Elsewhere, freshman wide receiver Puka Nacua was slowed only by his own broken foot. The 6-1, 204-pound wideout earned just 11 targets in his debut season, but he converted them into seven catches, 168 receiving yards, 24 yards per reception and two scores — including five catches of 15 yards or more. He also hauled in three of five contested targets, displaying both strong hands and a penchant for big plays.
The only other true freshmen who didn’t redshirt last season were outside linebacker Laiatu Latu and kicker Tim Horn. The 6-4, 275-pound Latu made 16 tackles with 1.5 tackles for loss and a safety in 12 games, while Horn recorded touchbacks on 56.4% of his kickoffs — an improvement from the team’s 32.4% clip in 2018.
So, all things considered, the 2019 class’ debut season must be deemed a clear success. But it’s even more encouraging, when you imagine what’s to come.
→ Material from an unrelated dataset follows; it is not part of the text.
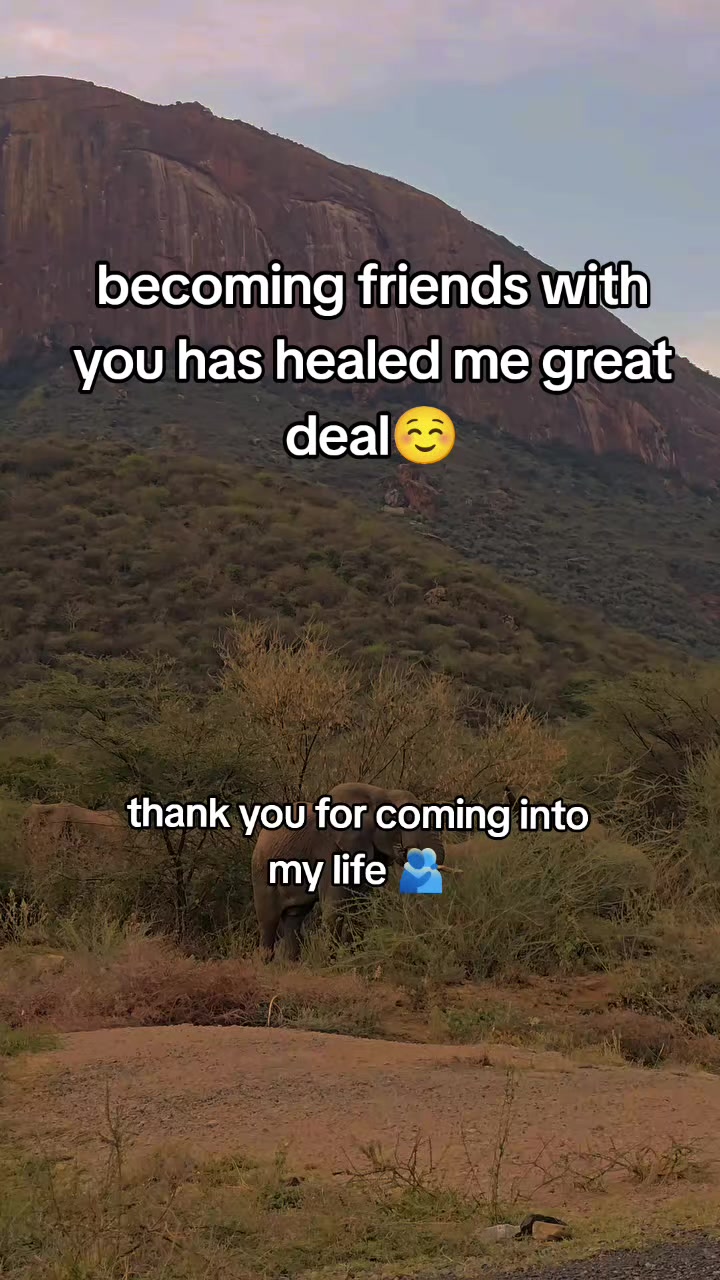 @Enoch.M.M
For example, defensive linemen Faatui Tuitele and Jacob Bandes — the class’ most highly ranked recruits, according to the 247Sports Composite — both redshirted in 2019, and could contribute to a dominant UW defensive front this fall. They’ll likely join seniors Levi Onwuzurike and Josiah Bronson as well as sophomores Tuli Letuligasenoa and Sam Taimani in Ikaika Malloe’s formidable defensive line rotation.
And, of more immediate importance, the 2019 class could foreseeably fill UW’s void at inside linebacker. Josh Calvert, Daniel Heimuli, Alphonzo Tuputala and Miki Ah You will all compete this spring and summer to start alongside ascendant redshirt sophomore Edefuan Ulofoshio. The 6-2, 223-pound Calvert — an early enrollee last winter — was trending toward a burned redshirt before a knee injury in fall camp ended his freshman season. A year in UW’s strength and conditioning program may also propel Heimuli — the defensive MVP of the 2019 Polynesian Bowl — toward significant playing time. They’ll all have to contend with third-year sophomores Jackson Sirmon and M.J. Tafisi as well.
Oh, and what position are we forgetting? That’s right: the quarterback. Following redshirt junior Jacob Eason’s NFL draft departure, redshirt freshman Dylan Morris suddenly has a realistic path to the starting job. The 6-0, 196-pounder from Puyallup will have to beat out redshirt sophomore Jacob Sirmon and true freshman Ethan Garbers to get there, but he may have the arm, mobility and makeup to start against Michigan on Sept. 5.
Indeed, McDuffie may be the headliner, but UW’s 2019 class could soon be defined by its quality depth. Redshirt freshman running back Cameron Davis could work into the rotation this fall. Offensive linemen Julius Buelow, Nate Kalepo and Troy Fautanu could all be future starters. Kamren Fabiculanan (6-1, 181) has an intriguing frame in the defensive secondary. Defensive lineman Sama Paama (6-4, 336) is the most physically formidable prospect in the pack.
A year ago, Petersen cleared his throat and said with a smile that he felt really strongly about this class. He may have been on the money.